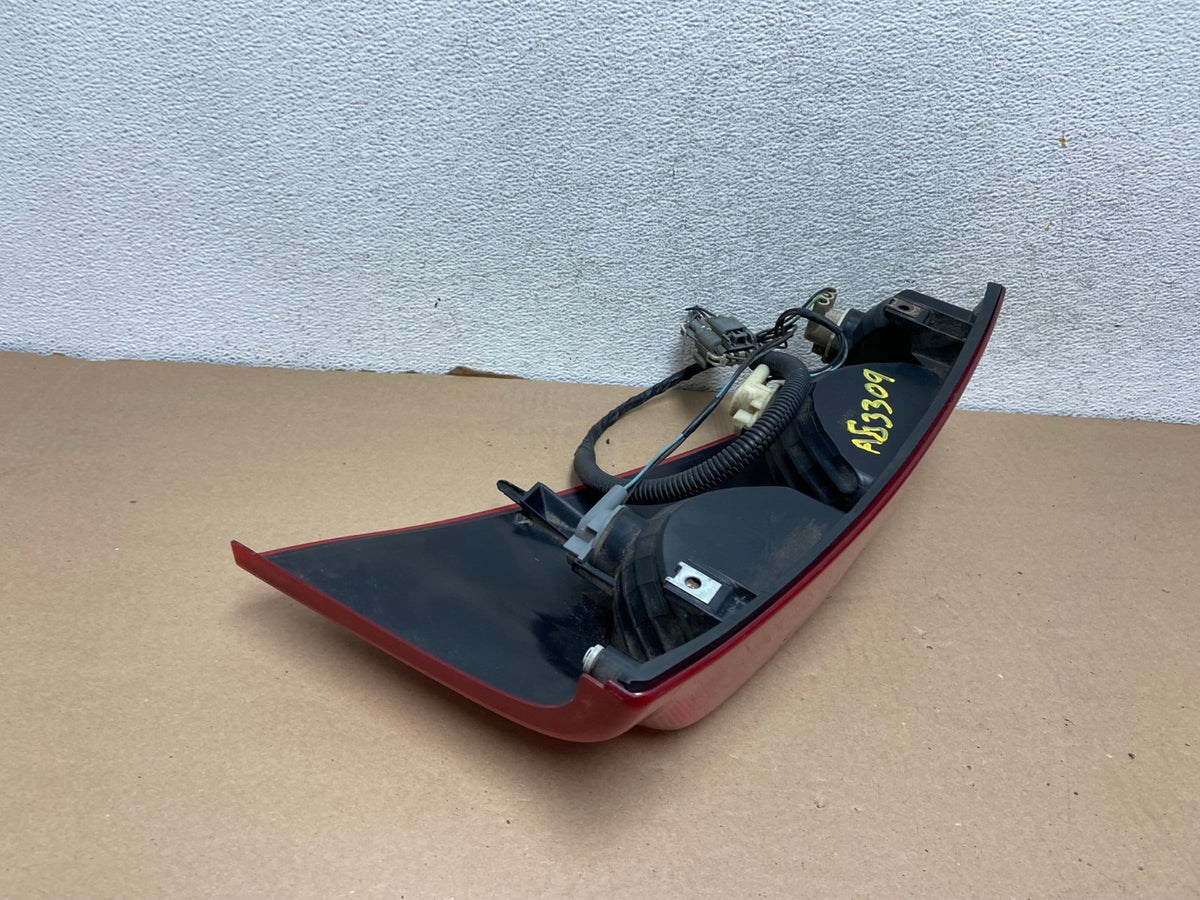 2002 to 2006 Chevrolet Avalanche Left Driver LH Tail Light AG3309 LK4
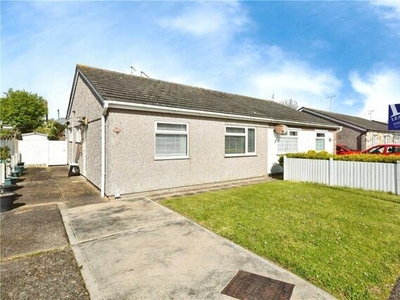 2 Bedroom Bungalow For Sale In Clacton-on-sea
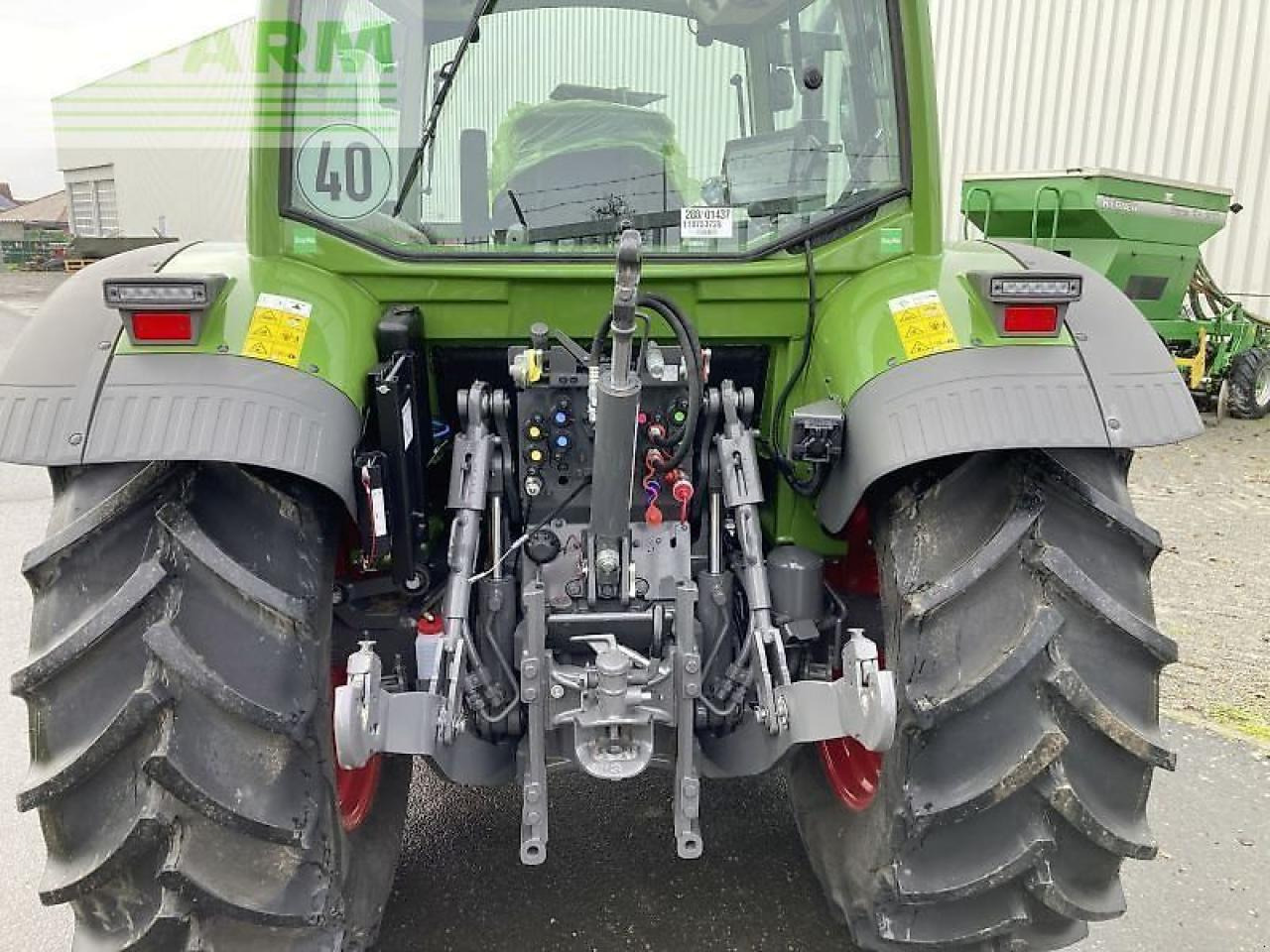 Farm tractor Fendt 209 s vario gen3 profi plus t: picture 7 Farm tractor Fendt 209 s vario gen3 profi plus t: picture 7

| WORK INSTRUCTIONS |
Please print everything in the material exactly, apart from the pictures.

| RESPONSE |
 2002 to 2006 Chevrolet Avalanche Left Driver LH Tail Light AG3309 LK4
 2 Bedroom Bungalow For Sale In Clacton-on-sea
 Farm tractor Fendt 209 s vario gen3 profi plus t: picture 7 Farm tractor Fendt 209 s vario gen3 profi plus t: picture 7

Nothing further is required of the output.